Identificazione dei vermi del pomodoro
Nei climi più caldi, i vermi del pomodoro trascorrono l’inverno sotto forma di pupe sulla superficie del terreno. Dove il clima invernale è troppo freddo per sopravvivere, le pupe si nascondono nel terreno e nei detriti vegetali della serra.

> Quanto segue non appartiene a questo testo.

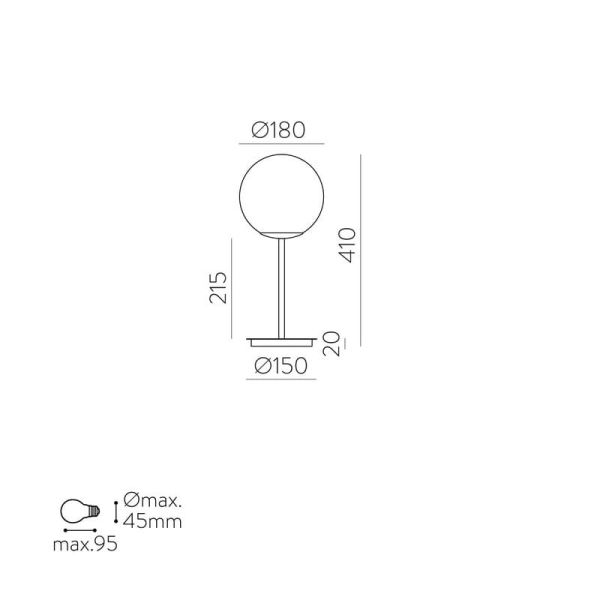 Lámpara de Sobremesa  PARMA Ø 18cm Oro Viejo o Negro Mate/Opal, 15W (LED E27 max. Ø45 mm)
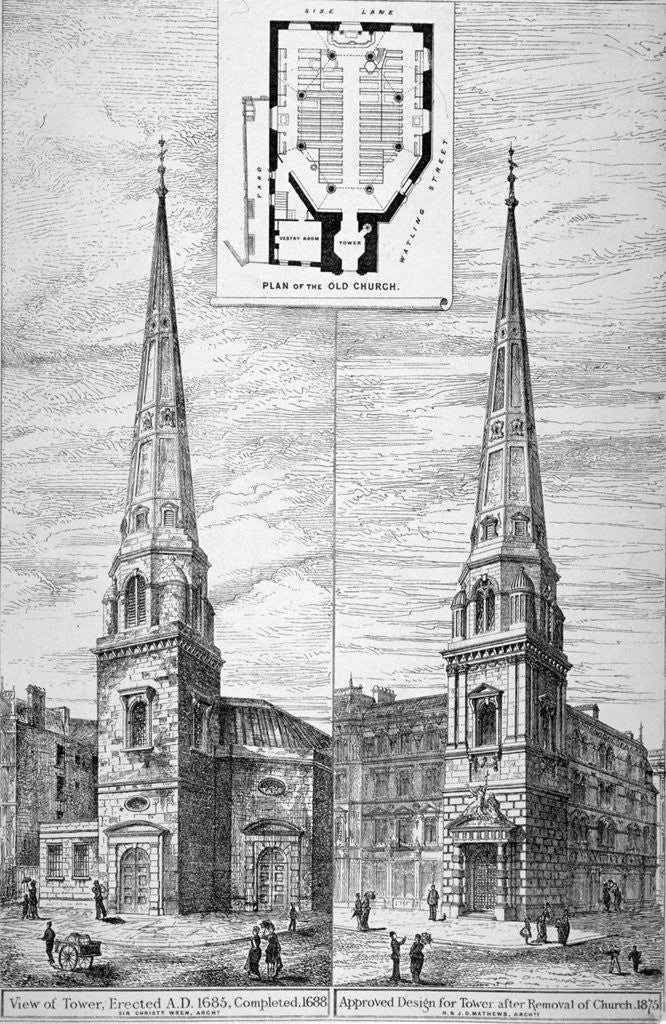 Detail of Two views of the tower of St Antholin, City of London by Anonymous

Le piccole falene grigio-marroni depongono le uova sulla parte inferiore delle foglie durante la notte e, a causa delle loro dimensioni minuscole, le uova sono difficilmente individuabili. È per questo motivo che il controllo dei vermi del pomodoro raramente inizia in questa fase. È solo nella fase larvale che i danni iniziano ad aumentare e quando i vermi nelle foglie dei pomodori lasciano i loro tunnel, le prove sono evidenti. Durante la fase successiva dello sviluppo, i vermi che mangiano i pomodori praticano piccoli fori nei gambi, nei germogli e nei frutti e ne mangiano la polpa fino a quando non sono pronti per impuparsi o passare alla fase successiva dello sviluppo. Mentre i danni alle foglie sono di scarsa importanza, quelli ai frutti possono essere devastanti. Nelle zone in cui le falene sono prevalenti, i coltivatori devono essere vigili nel controllo dei vermi del pomodoro perché questi minuscoli insetti si moltiplicano a un ritmo notevole e possono produrre fino a otto generazioni all’anno.